Opened in 1938, The Inn and Club now offers 217 guest rooms and 32 suites. Each space is different, with breath-taking views of the ocean or the golf course, and all put relaxation top of mind, with creature comforts, such as luxurious bedding and soaking tubs. In the main inn, the world’s largest Karastan rug graces the original Magnolia plank floors in the Great Lounge. Ask for a walk through History Hall with resident historian Fred Cosby before a highball or two at The Tavern. If shopping is more your speed, check out The Gallery of Shops, where Florida-made treats, like made-from-scratch pop tarts, are a thing inside The Gourmet Shop.
A little more than a mile up the road, The Lodge & Club, a boutique hotel that came along in 1989, presents panoramic vistas in its 66 rooms and suites. Each oceanfront room is dressed in hues from the sea and beckons quality Zen time with private balconies and fireplaces.

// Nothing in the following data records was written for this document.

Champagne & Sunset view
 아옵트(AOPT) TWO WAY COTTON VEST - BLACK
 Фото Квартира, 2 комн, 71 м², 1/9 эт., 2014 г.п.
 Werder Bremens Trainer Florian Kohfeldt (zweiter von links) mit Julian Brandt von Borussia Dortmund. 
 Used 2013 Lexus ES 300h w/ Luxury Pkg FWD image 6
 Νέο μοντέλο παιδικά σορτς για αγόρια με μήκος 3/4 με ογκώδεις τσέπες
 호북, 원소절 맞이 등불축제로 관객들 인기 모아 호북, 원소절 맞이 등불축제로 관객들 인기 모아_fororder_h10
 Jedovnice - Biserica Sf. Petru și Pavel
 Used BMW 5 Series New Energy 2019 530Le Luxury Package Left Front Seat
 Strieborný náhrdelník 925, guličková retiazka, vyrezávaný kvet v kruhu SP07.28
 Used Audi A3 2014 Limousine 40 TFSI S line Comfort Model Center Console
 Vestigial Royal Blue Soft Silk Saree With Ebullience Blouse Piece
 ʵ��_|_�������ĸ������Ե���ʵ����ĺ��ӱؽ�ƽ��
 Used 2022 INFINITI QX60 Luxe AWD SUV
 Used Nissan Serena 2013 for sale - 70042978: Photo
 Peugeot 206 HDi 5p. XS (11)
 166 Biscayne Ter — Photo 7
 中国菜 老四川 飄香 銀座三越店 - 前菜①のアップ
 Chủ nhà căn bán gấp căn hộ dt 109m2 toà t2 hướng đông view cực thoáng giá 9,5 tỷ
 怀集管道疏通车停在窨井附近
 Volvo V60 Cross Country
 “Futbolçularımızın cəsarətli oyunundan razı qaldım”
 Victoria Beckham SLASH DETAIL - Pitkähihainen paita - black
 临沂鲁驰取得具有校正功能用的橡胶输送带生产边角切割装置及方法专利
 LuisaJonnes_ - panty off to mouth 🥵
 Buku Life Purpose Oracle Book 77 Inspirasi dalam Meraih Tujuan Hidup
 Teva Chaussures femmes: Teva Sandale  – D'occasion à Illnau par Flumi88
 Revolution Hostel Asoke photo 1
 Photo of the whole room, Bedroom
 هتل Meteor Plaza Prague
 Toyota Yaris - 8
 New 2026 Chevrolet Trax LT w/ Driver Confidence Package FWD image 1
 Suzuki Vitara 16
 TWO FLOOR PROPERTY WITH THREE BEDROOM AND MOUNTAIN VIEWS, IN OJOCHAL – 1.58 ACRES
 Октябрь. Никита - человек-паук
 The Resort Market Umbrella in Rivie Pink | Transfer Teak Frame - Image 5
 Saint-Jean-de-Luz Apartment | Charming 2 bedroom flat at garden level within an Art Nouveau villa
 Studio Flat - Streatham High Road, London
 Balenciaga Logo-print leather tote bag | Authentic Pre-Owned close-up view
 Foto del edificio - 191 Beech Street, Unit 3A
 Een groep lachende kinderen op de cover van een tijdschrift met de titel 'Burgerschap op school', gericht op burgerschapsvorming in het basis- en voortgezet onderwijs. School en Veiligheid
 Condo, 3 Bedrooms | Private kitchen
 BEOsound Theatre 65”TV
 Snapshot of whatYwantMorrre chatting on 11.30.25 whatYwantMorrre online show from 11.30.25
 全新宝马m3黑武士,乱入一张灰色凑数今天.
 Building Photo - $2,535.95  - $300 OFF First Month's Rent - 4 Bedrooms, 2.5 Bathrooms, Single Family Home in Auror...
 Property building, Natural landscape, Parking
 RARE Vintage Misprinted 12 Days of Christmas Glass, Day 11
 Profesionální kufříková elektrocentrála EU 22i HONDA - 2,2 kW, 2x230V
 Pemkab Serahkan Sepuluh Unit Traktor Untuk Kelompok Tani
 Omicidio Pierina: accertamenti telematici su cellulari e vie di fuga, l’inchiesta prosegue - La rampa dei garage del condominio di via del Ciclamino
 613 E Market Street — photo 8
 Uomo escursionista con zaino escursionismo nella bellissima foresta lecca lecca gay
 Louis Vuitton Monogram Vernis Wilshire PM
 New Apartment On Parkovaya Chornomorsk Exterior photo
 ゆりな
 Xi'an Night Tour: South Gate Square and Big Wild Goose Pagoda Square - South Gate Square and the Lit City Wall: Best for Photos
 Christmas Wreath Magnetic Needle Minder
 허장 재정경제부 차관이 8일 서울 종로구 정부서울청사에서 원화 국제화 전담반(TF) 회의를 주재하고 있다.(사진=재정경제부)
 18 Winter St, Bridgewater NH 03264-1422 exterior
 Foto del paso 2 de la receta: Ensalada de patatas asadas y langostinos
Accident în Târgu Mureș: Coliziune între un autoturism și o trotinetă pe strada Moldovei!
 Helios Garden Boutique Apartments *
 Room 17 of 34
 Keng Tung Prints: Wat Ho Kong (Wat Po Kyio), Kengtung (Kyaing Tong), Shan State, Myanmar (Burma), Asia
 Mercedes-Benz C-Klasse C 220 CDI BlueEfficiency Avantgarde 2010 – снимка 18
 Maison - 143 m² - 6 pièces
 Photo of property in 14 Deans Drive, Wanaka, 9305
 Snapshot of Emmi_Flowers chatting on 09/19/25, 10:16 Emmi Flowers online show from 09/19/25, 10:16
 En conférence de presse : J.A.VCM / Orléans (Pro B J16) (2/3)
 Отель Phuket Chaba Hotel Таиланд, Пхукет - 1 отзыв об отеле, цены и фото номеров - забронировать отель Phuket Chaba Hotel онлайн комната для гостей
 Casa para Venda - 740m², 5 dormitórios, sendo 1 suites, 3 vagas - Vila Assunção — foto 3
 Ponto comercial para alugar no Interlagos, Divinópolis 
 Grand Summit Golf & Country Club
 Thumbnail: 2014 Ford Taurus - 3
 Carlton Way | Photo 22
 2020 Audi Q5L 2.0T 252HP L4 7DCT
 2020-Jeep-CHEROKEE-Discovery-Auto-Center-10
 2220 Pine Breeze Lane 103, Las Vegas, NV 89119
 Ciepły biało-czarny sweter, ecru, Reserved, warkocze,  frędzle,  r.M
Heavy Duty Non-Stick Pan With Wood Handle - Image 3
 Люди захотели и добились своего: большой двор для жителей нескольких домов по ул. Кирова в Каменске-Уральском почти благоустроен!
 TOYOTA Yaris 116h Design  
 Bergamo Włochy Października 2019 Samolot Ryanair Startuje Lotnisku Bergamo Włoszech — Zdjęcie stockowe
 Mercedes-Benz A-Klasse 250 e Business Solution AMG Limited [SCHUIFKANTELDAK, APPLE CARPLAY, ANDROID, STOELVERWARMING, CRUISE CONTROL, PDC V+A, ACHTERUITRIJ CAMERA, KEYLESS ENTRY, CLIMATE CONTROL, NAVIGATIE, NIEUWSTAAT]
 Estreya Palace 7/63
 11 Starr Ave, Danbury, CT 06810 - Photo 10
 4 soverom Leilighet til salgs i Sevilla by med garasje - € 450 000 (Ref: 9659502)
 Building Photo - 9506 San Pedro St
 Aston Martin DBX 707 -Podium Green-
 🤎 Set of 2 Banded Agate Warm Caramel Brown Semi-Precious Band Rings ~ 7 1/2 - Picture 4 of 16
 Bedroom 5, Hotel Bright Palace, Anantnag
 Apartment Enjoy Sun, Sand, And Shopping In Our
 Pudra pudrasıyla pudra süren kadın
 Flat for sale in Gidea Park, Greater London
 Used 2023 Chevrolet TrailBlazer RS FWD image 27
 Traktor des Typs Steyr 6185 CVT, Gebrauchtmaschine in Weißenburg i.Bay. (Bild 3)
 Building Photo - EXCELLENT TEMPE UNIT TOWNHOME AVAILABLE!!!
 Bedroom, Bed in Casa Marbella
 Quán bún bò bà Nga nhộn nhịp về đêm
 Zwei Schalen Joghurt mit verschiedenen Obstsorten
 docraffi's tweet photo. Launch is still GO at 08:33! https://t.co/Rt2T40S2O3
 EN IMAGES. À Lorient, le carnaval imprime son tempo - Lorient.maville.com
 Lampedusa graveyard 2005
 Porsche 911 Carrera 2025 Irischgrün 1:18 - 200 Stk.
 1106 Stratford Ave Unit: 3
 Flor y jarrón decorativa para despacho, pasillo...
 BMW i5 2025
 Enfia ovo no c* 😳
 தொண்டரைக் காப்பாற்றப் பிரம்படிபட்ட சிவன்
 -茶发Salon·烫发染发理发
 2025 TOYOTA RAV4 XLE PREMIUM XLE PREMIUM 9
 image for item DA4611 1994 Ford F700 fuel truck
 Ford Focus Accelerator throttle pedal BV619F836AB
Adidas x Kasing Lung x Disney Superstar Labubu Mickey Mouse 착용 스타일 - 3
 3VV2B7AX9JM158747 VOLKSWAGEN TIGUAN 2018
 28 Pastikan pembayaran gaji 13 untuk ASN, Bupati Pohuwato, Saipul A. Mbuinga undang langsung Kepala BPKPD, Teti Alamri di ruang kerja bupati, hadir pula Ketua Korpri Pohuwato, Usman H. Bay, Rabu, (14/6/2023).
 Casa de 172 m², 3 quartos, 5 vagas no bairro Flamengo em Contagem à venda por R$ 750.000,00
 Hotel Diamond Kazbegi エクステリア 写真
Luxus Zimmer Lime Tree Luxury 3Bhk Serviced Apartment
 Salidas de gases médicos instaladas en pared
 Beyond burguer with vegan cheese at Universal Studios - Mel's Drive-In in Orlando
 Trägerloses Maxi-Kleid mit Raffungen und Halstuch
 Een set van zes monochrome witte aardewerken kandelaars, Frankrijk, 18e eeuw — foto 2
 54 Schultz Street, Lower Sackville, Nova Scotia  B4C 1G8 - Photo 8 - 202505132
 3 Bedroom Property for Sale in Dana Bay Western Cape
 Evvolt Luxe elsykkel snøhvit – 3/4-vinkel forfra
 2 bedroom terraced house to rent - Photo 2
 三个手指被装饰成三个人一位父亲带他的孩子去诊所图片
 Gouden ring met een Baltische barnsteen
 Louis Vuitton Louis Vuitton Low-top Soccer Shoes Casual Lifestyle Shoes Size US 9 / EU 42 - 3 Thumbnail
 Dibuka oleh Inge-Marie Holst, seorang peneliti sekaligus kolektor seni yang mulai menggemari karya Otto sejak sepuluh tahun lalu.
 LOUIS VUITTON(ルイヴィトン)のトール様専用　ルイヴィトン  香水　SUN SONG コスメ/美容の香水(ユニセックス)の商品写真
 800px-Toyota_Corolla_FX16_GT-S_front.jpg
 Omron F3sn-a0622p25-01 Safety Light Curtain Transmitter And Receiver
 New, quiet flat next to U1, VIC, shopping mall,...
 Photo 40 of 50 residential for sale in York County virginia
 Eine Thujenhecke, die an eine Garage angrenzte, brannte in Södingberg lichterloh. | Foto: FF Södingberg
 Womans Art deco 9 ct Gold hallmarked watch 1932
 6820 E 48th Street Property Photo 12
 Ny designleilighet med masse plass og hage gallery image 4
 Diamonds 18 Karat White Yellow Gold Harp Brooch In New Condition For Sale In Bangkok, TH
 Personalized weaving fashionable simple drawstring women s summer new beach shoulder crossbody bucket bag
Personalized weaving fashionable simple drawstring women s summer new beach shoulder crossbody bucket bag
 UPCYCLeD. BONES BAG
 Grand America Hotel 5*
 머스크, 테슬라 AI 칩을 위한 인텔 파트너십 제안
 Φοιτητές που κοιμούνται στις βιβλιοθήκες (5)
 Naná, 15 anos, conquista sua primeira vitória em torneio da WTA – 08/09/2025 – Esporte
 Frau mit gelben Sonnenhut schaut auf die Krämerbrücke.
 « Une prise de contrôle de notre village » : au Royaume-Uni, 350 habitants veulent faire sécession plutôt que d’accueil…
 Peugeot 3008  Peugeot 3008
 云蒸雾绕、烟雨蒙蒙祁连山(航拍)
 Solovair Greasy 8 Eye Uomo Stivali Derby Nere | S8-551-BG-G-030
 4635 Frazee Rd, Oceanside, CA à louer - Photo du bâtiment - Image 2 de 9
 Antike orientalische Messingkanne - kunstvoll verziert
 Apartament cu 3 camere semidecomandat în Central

To fuel up during your stay, indulge at one of seven onsite restaurants, many of which focus on providing sustainable Florida coastal cuisine. Enjoy the Mayport salad at the Golf Club Restaurant, overlooking the famous par-three “island” golf hole. For something more upscale, reserve a spot at The Surf Club Patio.
The Seahorse Grille, meanwhile, invites those looking for something exclusive the option of a 10-course tasting with chef de cuisine Erik Osol at the chef’s table, which is set right in the middle of his kitchen. Over at The Lodge & Club, The Sea View Grille lives up to its name for beach- and stargazers who might also be clamoring for coastal fare, like Florida grouper or fresh-water favorites, such as St. John’s River blackened catfish.
When you need a break from resort life, venture 30 minutes down the A1A toward St. Augustine, the oldest continuously occupied European-established settlement within the borders of the continental United States. St. Augustine Distillery is the historic ice plant’s newest resident—you’ll find daily tours and tastings of the small-batch spirits sourced with local and regional ingredients. Try the New World Gin, featuring citrus notes from the Sunshine State. Or scoot next door to the Ice Plant Bar for lunch or dinner paired with craft cocktails.
Road warriors can take the nine-hour drive down to the Florida coast. Nonstop flights in and out of Jacksonville are also available on Southwest.